### Work to be completed
In the entries below, begin at the line with "Cobbled street with" and stop after the line with "a bedroom with a bed and furniture"; output those lines exactly and omit the pictures.

(Beginning of Recorded information)

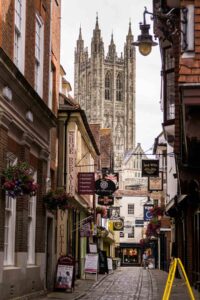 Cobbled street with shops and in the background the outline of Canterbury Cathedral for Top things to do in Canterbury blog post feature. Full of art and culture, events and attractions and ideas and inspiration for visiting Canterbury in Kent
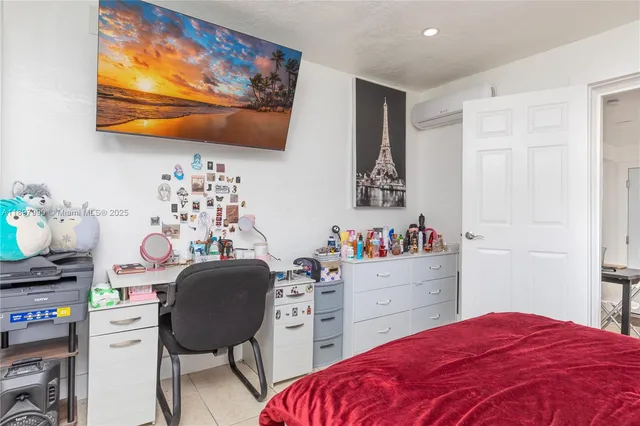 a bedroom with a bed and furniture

(End of Recorded information)
(Beginning of Recorded information)

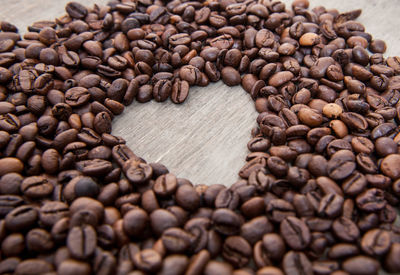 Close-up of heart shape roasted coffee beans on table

(End of Recorded information)
(Beginning of Recorded information)

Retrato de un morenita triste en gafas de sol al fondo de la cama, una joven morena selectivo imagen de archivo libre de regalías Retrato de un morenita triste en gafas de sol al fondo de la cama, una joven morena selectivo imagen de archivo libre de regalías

(End of Recorded information)

### The completed task
 Cobbled street with shops and in the background the outline of Canterbury Cathedral for Top things to do in Canterbury blog post feature. Full of art and culture, events and attractions and ideas and inspiration for visiting Canterbury in Kent
 a bedroom with a bed and furniture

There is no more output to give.